--- STORED DATA ---

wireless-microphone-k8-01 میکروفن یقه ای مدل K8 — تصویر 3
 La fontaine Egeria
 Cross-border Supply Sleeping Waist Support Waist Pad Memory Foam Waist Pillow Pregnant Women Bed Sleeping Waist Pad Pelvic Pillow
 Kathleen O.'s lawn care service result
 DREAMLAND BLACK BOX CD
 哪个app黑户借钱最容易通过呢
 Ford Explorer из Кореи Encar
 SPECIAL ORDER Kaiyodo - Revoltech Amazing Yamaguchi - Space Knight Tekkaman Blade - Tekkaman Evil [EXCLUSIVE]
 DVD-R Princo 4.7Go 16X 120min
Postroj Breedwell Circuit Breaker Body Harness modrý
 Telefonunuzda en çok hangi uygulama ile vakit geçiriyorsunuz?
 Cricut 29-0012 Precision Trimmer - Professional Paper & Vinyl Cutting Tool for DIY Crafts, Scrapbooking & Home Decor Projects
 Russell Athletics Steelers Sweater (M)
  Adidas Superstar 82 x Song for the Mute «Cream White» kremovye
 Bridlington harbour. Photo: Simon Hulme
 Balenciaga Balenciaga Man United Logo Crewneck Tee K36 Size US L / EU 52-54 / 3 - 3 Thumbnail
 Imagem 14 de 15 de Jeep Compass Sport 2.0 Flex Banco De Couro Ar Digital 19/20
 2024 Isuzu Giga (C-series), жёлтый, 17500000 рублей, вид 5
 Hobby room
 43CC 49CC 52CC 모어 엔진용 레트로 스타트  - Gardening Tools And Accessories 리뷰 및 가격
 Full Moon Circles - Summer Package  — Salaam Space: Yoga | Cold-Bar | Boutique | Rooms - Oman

---

[PROBLEM DETAILS]: Only the lines containing the string "Space" are needed; pull them out of the records.

[ANSWER TO THIS TASK]:
 SPECIAL ORDER Kaiyodo - Revoltech Amazing Yamaguchi - Space Knight Tekkaman Blade - Tekkaman Evil [EXCLUSIVE]
 Full Moon Circles - Summer Package  — Salaam Space: Yoga | Cold-Bar | Boutique | Rooms - Oman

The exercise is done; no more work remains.